• _Problem to work on_
Your copy should contain exactly the lines from the start of the material through the line containing "Levi's black waxed", and no pictures.

• _The data_

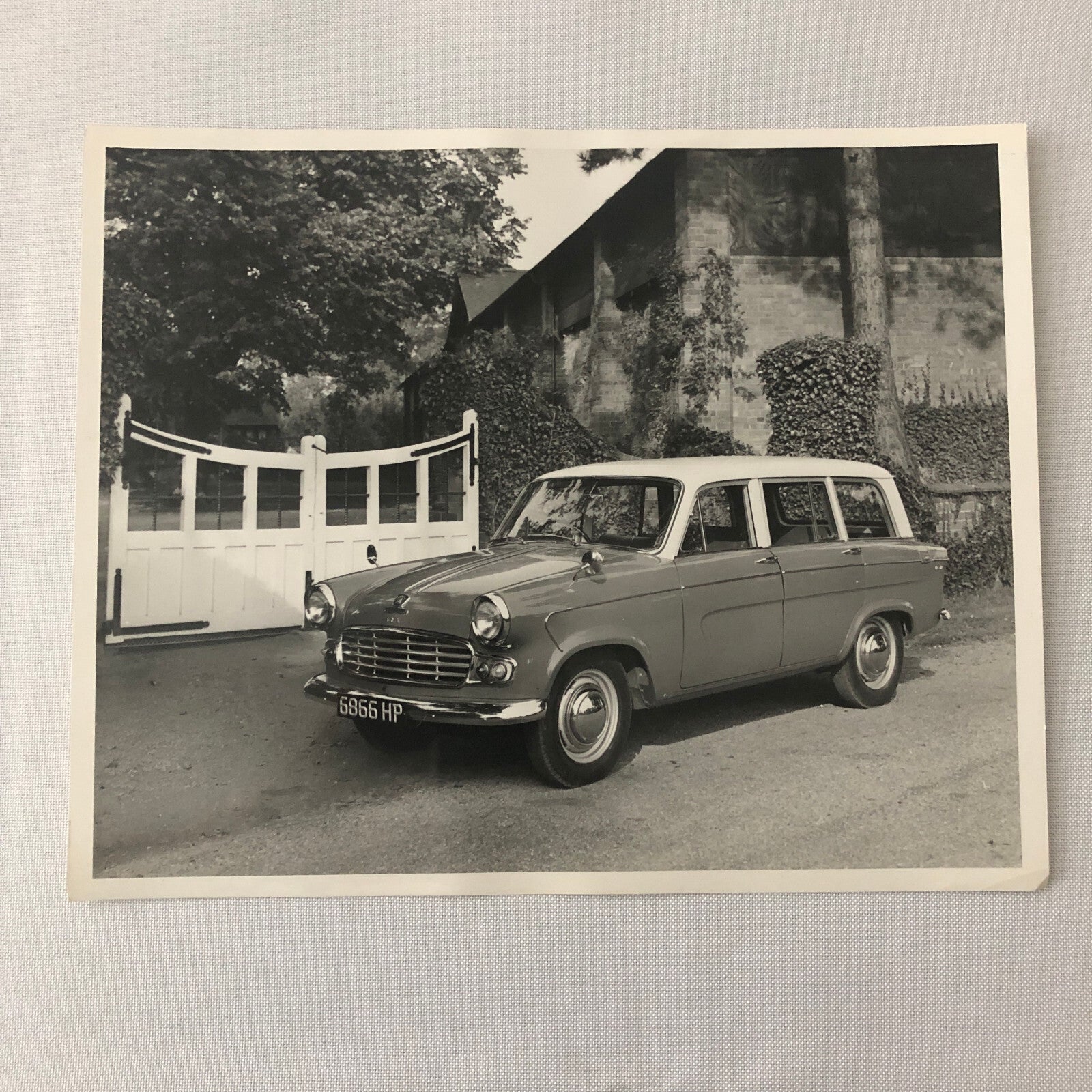 1961 Standard Vanguard Luxury Six Estate Car Factory Press Photo Photograph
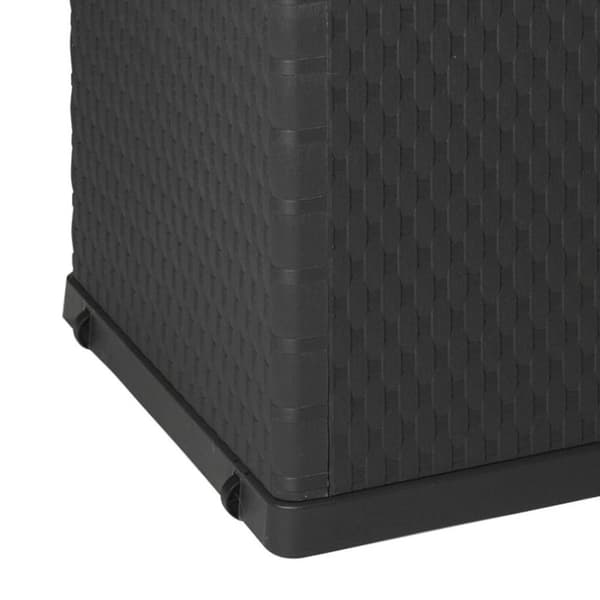vidaXL Puutarhan Varastoarkku antrasiitti 120x56x63 cm PP-rottinki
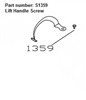 Heartland Lift Handle Screw and Nut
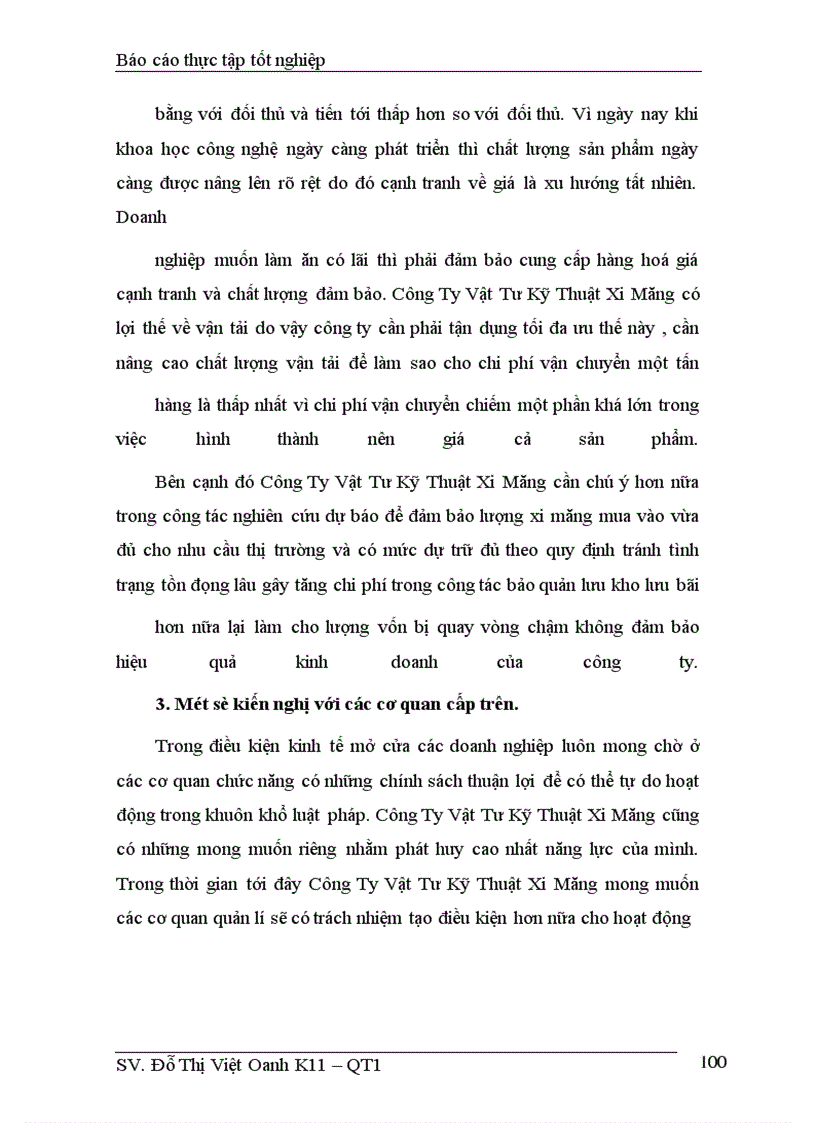 image for page Những giải pháp nỗ lực nhằm nâng cao hiệu quả hoạt động tiêu thụ xi măng tại công ty vật tư kỹ thuật xi măng – Bộ xây dựng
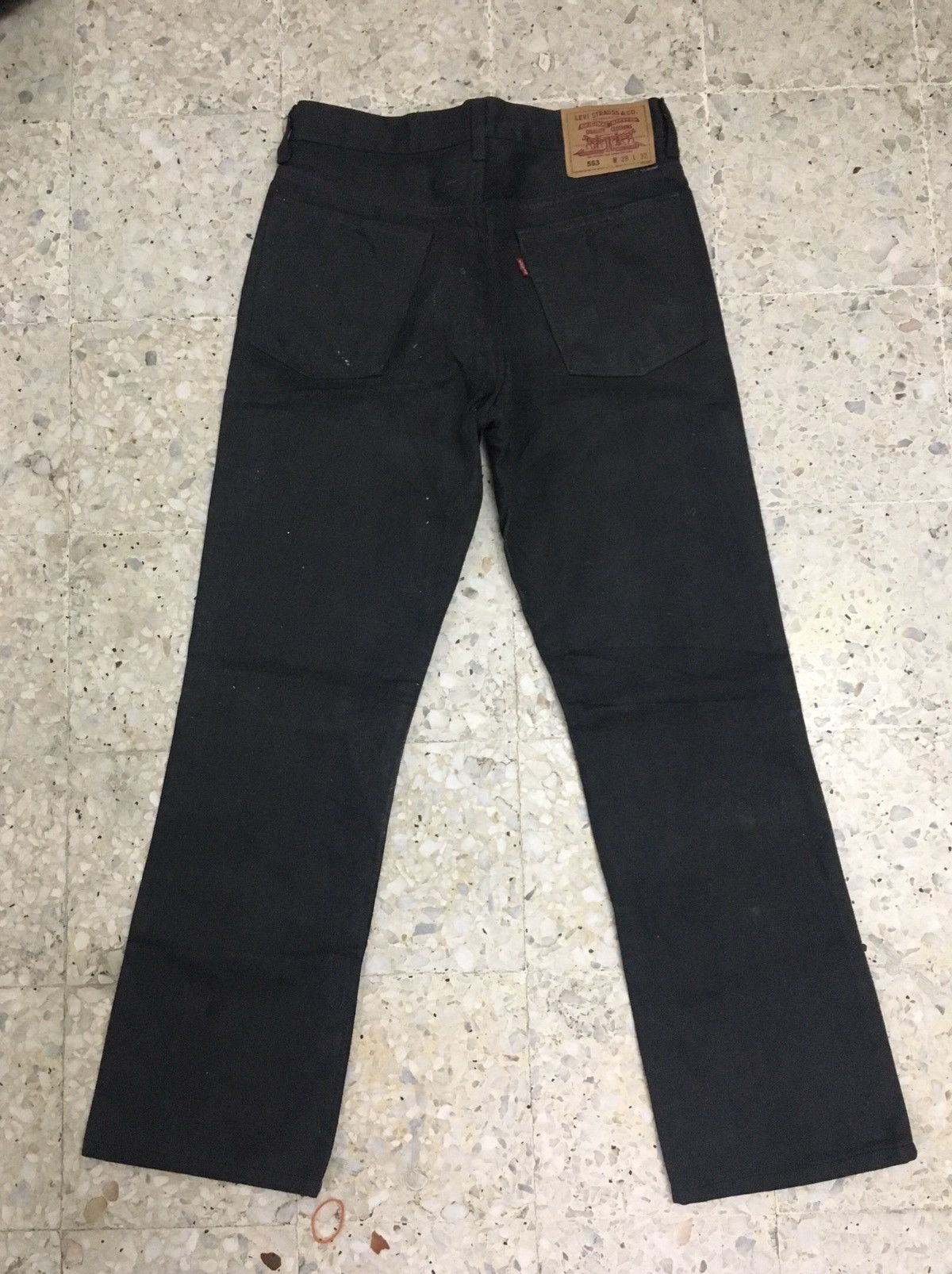 Levi's black waxed jeans Size US 28 / EU 44 - 4 Thumbnail
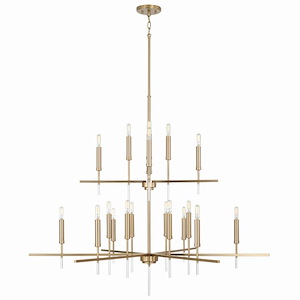 Elora - 20 Light Chandelier In Mid-Century Modern Style-39.5 Inches Tall and 48 Inches Wide - 1288631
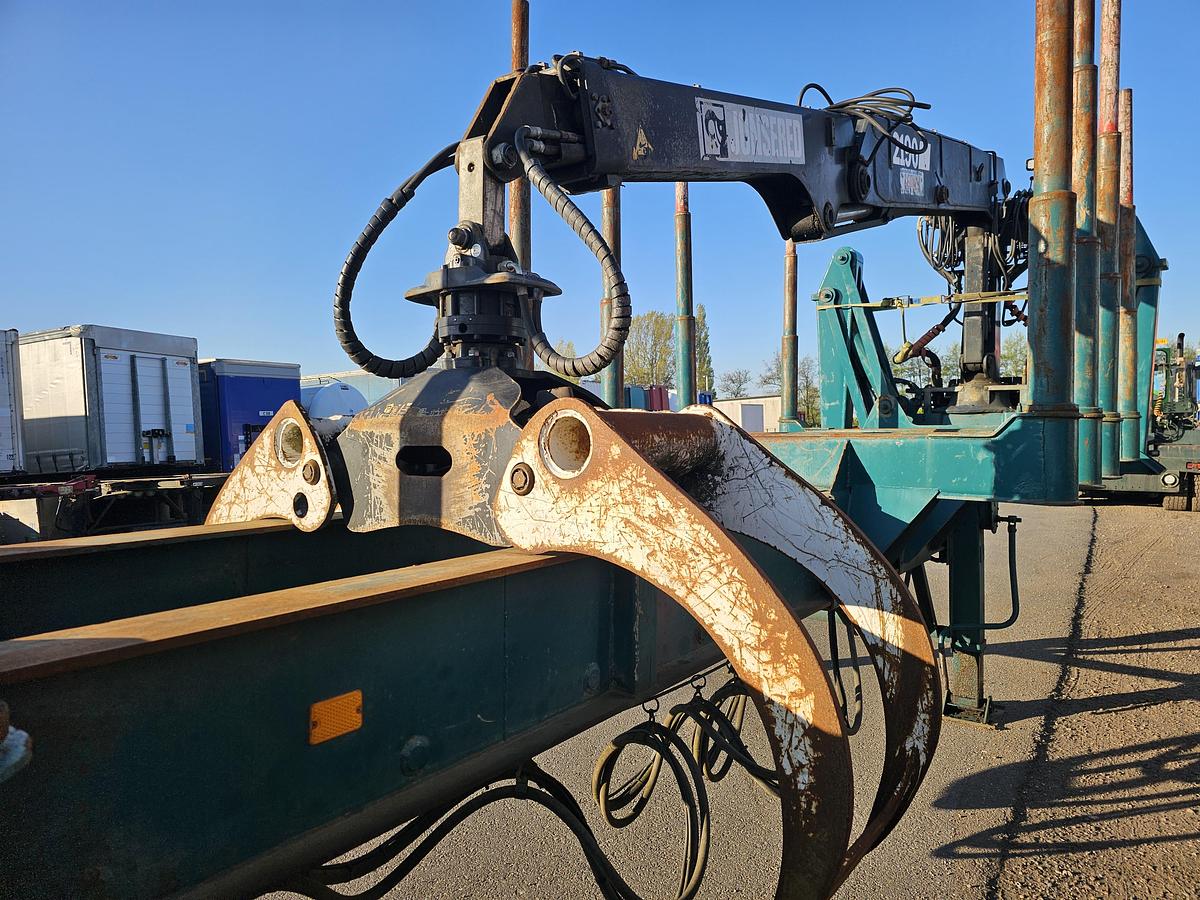 Gebruikt 1992 LEONET TB 18 |WOOD TRAILER WITH CRANE| BPW DRUM STEEL SUSPENSION.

• _Response_
 1961 Standard Vanguard Luxury Six Estate Car Factory Press Photo Photograph
vidaXL Puutarhan Varastoarkku antrasiitti 120x56x63 cm PP-rottinki
 Heartland Lift Handle Screw and Nut
 image for page Những giải pháp nỗ lực nhằm nâng cao hiệu quả hoạt động tiêu thụ xi măng tại công ty vật tư kỹ thuật xi măng – Bộ xây dựng
 Levi's black waxed jeans Size US 28 / EU 44 - 4 Thumbnail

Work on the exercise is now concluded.